Removing fsync from our local storage engine

How we used pre-allocation, O_DIRECT, and an SSD-aware journal to keep our local storage engine's writes crash-consistent without fsync.

storage performance engineering

Most storage engines pay fsync somewhere on the durable write path. We built a narrowly scoped single-node KV storage engine that does not call fsync for PUT or DELETE. The design relies on fixed-size preallocated files, pre-zeroed extents, O_DIRECT writes, and a journal whose commits are aligned to the SSD’s atomic-write unit.

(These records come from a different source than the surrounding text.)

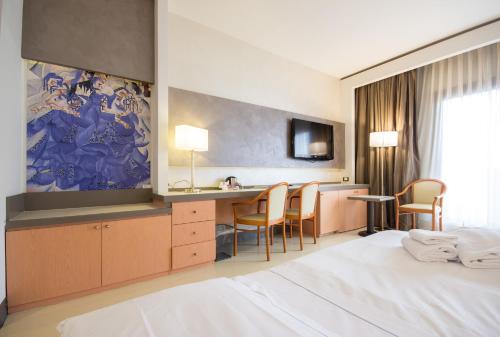 a hotel room with a bed and a table and chairs at Best Western Modena District in Campogalliano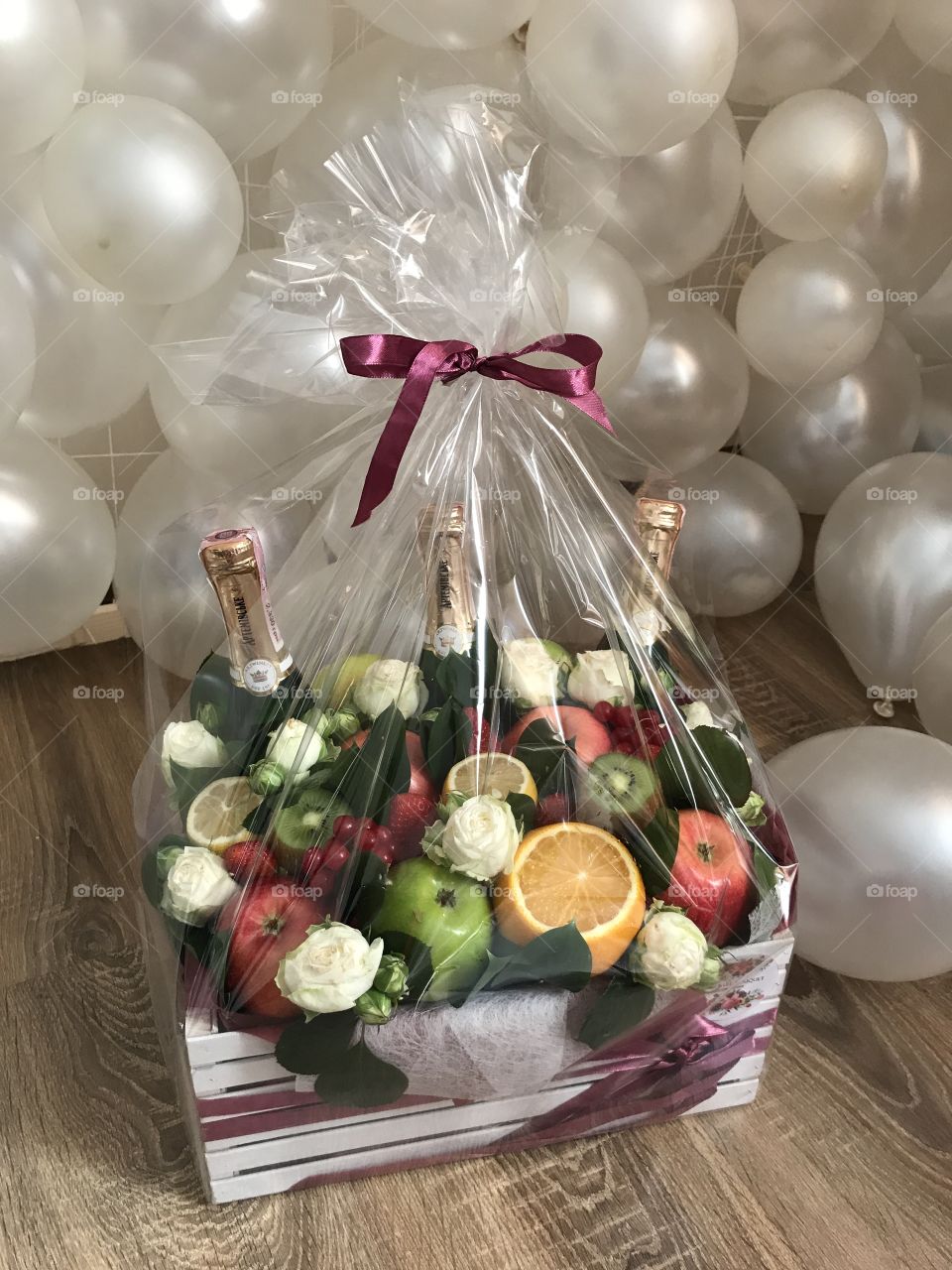 Beautiful gift bouquet with drinks and fruits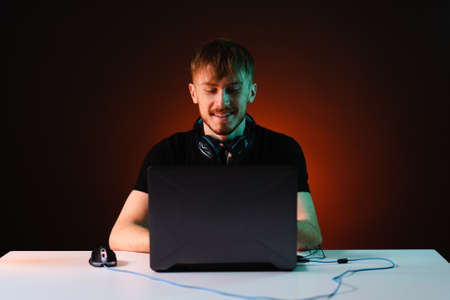 Portrait of Software Developer. Hacker. Gamer Wearing Headset Sitting at His Desk and Working. Playing on Laptop. In the Background Dark High Tech Environment with red neon lights.の写真素材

This is not a general argument against fsync. It works because our durability contract is narrower than POSIX file semantics, our deployments are SSD-only, and the engine owns allocation, journaling, and recovery. In a 4KB random-write benchmark on AWS i8g.2xlarge local NVMe, the engine reached 190,985 obj/s versus 116,041 obj/s for ext4 + O_DIRECT + fsync.

The cost of fsync

Let’s start with how object stores and databases handle fsync today. MinIO, in both single-node and distributed deployments, eventually writes to the local filesystem. Each PUT issues fdatasync or fsync on the data part and on xl.meta, flushing the file to the device. RocksDB’s WAL doesn’t sync by default. Applications that need crash-consistent semantics have to opt in. etcd is stricter: every Raft entry is fsynced on the way to disk, and the etcd paper calls this out as essential to Raft safety. Postgres fsyncs the WAL at commit and uses group commit to amortize per-commit latency. Kafka is the outlier. By default it doesn’t fsync on the write path at all and leans entirely on replication for durability. The trade-off there is that single-node data safety is weakened. Data inside the power-loss window can be lost, and the cluster’s replication factor becomes the only line of defense.

Getting fsync right is hard. Jepsen has surfaced fsync-related data-loss bugs in distributed systems many times. One recent example is NATS 2.12.1 losing data on the crash-recovery path (Jepsen NATS 2.12.1 analysis).

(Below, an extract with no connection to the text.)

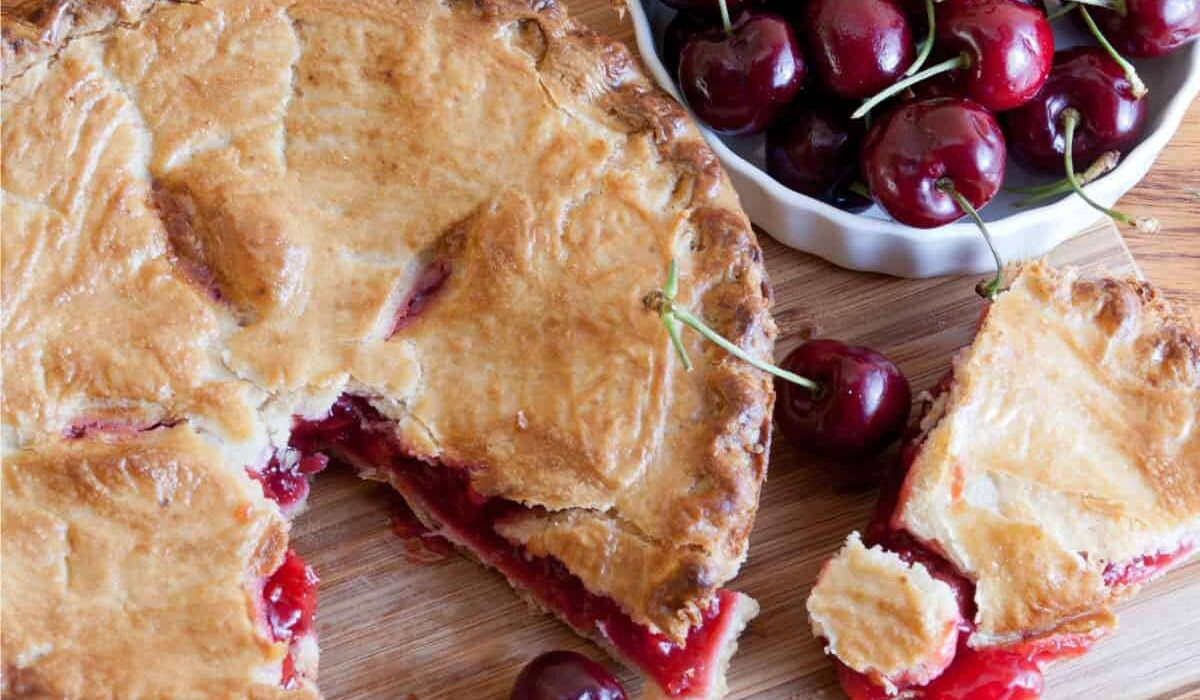 Overhead image of a cherry pie with a slice taken out of it on a wooden cutting board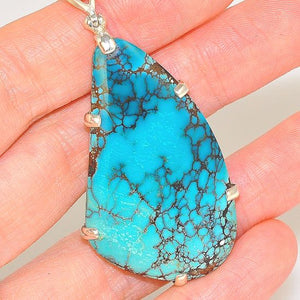 Sterling Silver 37.6 Carats Turquoise and 0.1 Carats White Topaz Pendant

Correctness aside, fsync is also expensive to call. A single fsync on an SSD typically takes a few hundred microseconds to a couple of milliseconds. Flushing data from the page cache to the device is just one part of that. The unpredictable part is metadata. fsync doesn’t just sync the file’s data, it syncs every piece of metadata the file depends on: inode, directory entry, extent map, all the way down to the filesystem journal commit. An fsync call that looks like it’s only touching a few KB can trigger an order of magnitude more I/O underneath.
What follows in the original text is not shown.